Differential effects of acute and extended infusions of glucagon-like peptide-1 on first- and second-phase insulin secretion in diabetic and nondiabetic humans

Affiliations
Clinical Trial

Differential effects of acute and extended infusions of glucagon-like peptide-1 on first- and second-phase insulin secretion in diabetic and nondiabetic humans

Shaista Quddusi et al. Diabetes Care. 2003 Mar.

Abstract

Objective: The purpose of this study was to determine whether an extended infusion of the incretin hormone glucagon-like peptide 1 (GLP-1) has a greater effect to promote insulin secretion in type 2 diabetic subjects than acute administration of the peptide.

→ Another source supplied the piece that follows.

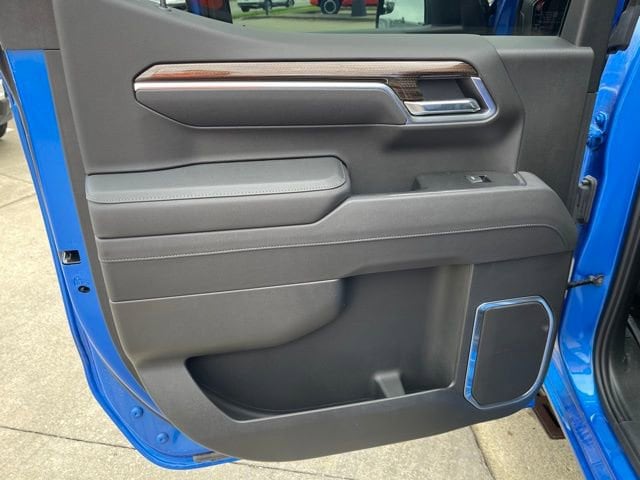 2025 Chevrolet Silverado 1500 RST - Photo 18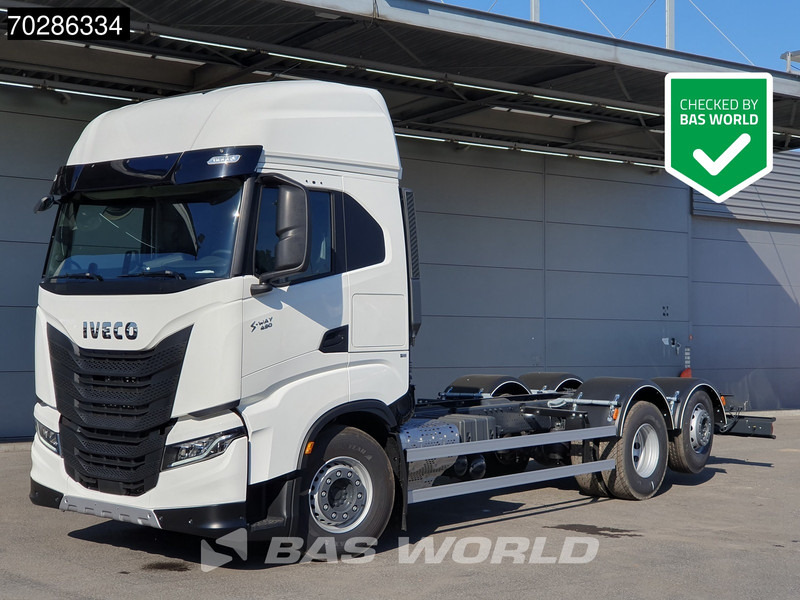 Iveco S-Way 490 6X2 NEW chassis! Retarder Standklima Lift+lenkasche PTO preparation LED Navi ACC Euro 6 - Truk sasis: gambar 1 Iveco S-Way 490 6X2 NEW chassis! Retarder Standklima Lift+lenkasche PTO preparation LED Navi ACC Euro 6 - Truk sasis: gambar 1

Research design and methods: Nine diabetic subjects and nine nondiabetic volunteers of similar age and weight were studied in identical protocols. First-phase insulin release (FPIR; the incremental insulin response in the first 10 min after the intravenous glucose bolus) and second-phase insulin release (SPIR; the incremental insulin response from 10-60 min after intravenous glucose) were measured during three separate intravenous glucose tolerance tests (IVGTTs): 1). without GLP-1 (control); 2). with acute administration of GLP-1 as a square wave starting just before glucose administration; and 3). with an extended infusion of GLP-1 for 3 h before and during the IVGTT.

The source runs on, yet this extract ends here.